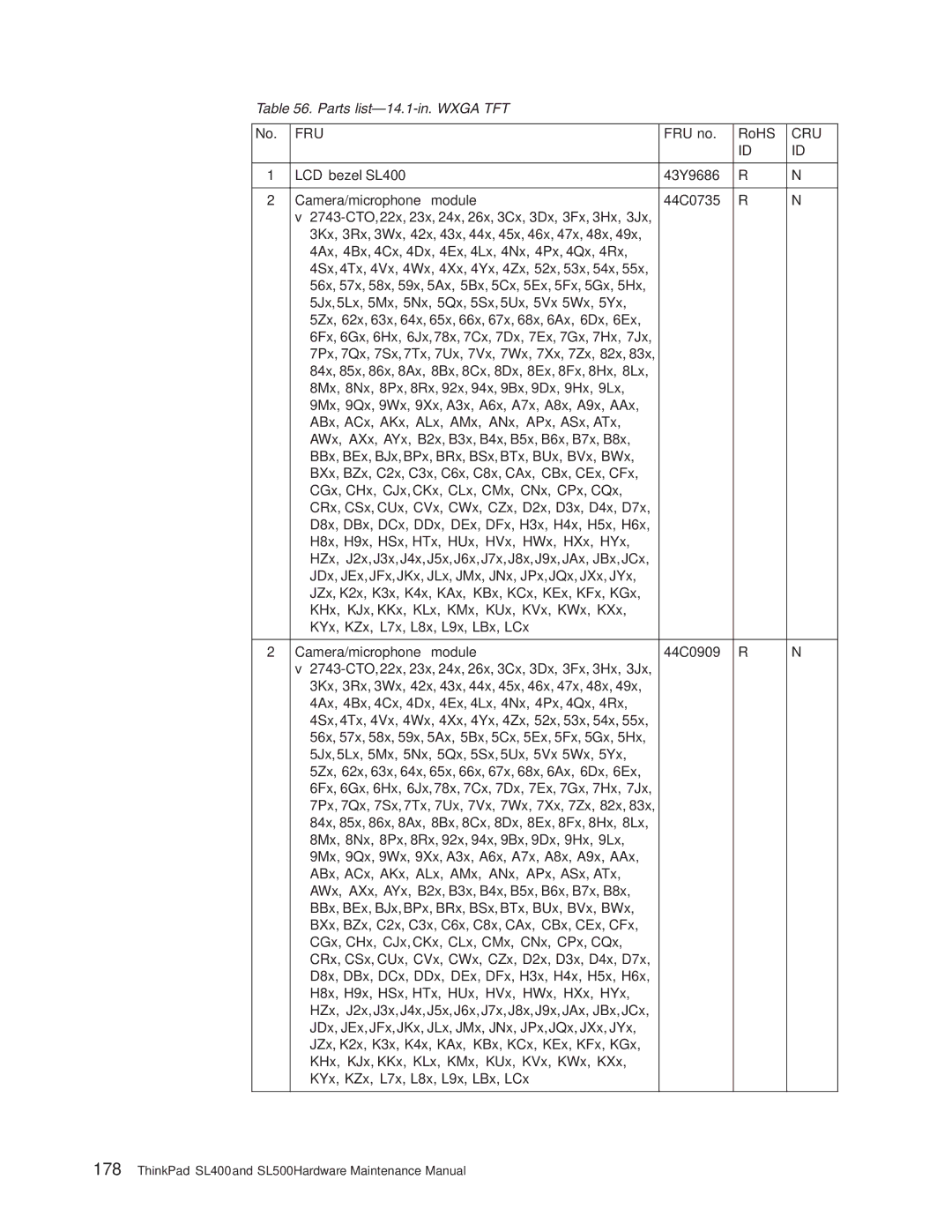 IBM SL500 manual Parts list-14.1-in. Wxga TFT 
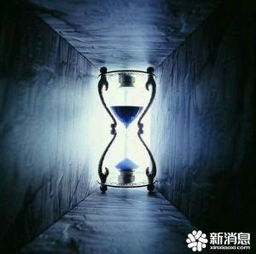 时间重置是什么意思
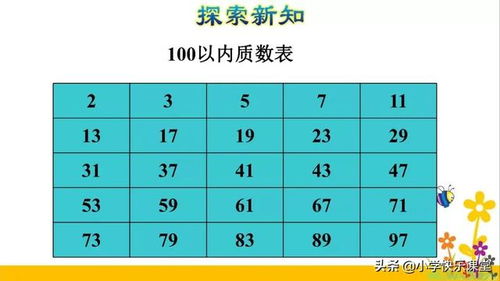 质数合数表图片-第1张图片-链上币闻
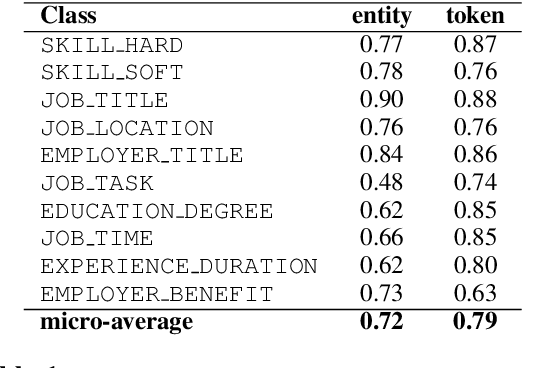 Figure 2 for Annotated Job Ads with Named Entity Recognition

___

Exercise description:
Copy out every line of the data exactly, leaving the images behind.

Result of the task:
 IBM SL500 manual Parts list-14.1-in. Wxga TFT 
 时间重置是什么意思
 质数合数表图片-第1张图片-链上币闻
 Figure 2 for Annotated Job Ads with Named Entity Recognition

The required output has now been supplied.